Work instructions: How do the records below read from their first line through the line containing "EYELIGHTS CREAM EYE SHADOW"? Write those lines out exactly.

Input data:
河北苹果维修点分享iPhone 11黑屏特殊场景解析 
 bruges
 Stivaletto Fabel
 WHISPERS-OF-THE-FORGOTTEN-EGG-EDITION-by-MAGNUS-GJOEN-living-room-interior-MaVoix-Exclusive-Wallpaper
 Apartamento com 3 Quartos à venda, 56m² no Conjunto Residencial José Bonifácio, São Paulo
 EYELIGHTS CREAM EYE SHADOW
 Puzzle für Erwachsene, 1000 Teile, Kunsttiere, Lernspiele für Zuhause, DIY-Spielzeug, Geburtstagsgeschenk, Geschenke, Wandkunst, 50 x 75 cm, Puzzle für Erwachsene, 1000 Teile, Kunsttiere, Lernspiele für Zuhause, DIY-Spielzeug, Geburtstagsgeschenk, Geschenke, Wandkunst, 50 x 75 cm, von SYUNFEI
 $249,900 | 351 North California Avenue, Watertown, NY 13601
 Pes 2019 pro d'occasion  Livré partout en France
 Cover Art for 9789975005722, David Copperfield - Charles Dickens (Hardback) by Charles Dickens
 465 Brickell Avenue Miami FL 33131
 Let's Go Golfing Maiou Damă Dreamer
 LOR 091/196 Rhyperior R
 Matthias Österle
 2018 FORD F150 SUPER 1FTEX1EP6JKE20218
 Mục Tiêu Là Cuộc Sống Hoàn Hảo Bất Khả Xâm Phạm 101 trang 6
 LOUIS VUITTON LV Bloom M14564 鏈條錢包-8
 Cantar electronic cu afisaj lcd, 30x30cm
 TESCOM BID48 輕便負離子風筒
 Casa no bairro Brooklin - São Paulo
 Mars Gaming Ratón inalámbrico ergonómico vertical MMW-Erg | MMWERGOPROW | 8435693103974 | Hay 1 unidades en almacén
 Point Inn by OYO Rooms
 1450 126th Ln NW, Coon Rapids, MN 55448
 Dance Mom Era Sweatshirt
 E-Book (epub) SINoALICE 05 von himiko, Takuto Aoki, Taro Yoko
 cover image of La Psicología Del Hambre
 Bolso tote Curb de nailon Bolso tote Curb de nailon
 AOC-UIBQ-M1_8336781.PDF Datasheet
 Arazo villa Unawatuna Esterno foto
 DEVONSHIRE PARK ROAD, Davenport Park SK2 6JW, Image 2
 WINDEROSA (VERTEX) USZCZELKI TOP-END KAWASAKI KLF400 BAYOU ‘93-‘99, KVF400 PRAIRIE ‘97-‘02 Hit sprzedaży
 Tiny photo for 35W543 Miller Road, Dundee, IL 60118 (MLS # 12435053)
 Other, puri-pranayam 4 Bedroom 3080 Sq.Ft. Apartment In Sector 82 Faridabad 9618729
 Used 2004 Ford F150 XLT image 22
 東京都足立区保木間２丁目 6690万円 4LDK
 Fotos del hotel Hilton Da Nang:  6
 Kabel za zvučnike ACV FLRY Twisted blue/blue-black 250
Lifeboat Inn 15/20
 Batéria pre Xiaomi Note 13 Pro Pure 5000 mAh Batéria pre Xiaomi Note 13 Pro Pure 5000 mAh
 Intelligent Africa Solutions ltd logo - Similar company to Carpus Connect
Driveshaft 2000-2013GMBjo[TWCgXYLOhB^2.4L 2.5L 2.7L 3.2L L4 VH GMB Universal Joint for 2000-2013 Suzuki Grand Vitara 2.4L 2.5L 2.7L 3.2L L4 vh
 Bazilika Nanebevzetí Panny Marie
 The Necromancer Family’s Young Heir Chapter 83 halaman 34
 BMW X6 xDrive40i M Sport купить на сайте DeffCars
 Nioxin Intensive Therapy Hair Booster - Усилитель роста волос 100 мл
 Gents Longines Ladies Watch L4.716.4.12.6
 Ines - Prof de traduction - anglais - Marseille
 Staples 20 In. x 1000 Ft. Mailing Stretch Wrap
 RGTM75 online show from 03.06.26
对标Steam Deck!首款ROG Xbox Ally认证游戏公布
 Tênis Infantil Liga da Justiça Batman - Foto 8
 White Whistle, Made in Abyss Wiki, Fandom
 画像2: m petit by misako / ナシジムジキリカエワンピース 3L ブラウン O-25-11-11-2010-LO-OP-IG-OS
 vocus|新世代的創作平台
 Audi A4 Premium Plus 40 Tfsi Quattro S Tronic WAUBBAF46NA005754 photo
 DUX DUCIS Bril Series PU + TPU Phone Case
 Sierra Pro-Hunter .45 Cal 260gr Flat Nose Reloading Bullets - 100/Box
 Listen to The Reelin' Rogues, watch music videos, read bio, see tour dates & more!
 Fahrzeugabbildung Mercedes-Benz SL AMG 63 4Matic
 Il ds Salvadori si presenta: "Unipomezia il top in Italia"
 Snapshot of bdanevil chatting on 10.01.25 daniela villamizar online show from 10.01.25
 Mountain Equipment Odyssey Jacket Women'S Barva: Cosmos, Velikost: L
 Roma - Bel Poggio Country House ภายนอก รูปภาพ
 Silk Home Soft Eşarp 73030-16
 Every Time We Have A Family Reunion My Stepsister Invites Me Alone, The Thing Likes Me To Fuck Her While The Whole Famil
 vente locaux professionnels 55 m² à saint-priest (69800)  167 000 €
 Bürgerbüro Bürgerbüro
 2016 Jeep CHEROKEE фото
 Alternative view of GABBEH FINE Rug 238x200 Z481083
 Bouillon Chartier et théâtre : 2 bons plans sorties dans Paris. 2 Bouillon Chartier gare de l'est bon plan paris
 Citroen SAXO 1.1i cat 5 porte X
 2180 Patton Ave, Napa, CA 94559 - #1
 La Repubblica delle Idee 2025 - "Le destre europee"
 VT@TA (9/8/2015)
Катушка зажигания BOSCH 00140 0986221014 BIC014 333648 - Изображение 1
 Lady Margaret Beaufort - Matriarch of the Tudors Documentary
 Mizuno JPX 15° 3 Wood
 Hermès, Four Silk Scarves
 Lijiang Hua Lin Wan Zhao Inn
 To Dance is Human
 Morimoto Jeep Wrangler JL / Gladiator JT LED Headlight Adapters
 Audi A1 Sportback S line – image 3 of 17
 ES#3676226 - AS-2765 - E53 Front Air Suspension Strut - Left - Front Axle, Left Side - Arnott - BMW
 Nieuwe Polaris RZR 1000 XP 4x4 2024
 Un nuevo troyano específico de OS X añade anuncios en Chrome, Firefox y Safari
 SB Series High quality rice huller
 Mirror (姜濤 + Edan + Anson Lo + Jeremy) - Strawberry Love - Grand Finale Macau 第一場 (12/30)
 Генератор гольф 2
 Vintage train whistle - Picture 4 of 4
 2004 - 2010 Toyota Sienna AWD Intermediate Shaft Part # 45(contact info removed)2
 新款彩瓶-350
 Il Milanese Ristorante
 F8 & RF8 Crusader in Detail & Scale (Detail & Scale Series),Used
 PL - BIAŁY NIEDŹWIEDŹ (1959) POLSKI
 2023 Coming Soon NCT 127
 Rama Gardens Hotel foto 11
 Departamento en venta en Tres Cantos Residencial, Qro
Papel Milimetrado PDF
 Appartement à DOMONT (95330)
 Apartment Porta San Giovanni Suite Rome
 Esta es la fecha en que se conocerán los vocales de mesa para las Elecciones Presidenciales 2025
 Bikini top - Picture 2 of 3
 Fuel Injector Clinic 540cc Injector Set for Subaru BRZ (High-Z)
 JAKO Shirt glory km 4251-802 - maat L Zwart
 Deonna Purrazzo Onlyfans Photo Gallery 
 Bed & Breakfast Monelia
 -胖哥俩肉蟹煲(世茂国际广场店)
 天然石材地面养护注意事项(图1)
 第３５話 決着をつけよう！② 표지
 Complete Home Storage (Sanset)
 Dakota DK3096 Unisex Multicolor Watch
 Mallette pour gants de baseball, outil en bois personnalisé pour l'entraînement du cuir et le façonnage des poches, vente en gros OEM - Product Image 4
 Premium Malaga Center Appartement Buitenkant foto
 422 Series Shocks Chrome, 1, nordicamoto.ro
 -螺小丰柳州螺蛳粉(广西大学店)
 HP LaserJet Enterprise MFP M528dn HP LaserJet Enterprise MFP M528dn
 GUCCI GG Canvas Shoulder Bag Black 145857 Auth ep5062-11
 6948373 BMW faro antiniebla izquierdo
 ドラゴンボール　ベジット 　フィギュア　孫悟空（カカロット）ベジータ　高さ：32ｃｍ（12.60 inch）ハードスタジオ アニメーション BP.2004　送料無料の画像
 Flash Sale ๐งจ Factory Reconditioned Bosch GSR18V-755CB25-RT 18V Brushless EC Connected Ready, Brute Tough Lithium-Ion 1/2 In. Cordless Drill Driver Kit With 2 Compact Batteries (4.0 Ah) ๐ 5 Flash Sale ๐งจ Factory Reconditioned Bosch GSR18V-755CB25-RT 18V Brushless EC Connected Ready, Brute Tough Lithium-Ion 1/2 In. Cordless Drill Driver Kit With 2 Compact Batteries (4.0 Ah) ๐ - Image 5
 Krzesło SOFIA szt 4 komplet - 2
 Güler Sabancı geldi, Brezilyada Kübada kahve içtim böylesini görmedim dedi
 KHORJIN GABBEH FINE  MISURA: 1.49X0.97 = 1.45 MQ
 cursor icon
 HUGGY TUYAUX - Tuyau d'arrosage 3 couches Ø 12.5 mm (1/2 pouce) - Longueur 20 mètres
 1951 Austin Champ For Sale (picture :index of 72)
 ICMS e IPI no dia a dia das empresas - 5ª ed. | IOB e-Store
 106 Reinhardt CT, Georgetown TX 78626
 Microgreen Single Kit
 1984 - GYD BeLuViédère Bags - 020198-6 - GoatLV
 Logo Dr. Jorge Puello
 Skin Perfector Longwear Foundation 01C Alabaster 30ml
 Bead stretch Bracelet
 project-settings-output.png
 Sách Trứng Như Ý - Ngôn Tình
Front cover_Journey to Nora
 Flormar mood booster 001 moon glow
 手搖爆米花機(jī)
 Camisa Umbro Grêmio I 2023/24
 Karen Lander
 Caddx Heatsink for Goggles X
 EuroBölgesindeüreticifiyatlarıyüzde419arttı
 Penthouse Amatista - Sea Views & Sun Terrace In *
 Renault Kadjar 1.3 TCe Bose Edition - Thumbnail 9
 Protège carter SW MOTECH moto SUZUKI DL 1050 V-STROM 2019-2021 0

Answer box:
河北苹果维修点分享iPhone 11黑屏特殊场景解析 
 bruges
 Stivaletto Fabel
 WHISPERS-OF-THE-FORGOTTEN-EGG-EDITION-by-MAGNUS-GJOEN-living-room-interior-MaVoix-Exclusive-Wallpaper
 Apartamento com 3 Quartos à venda, 56m² no Conjunto Residencial José Bonifácio, São Paulo
 EYELIGHTS CREAM EYE SHADOW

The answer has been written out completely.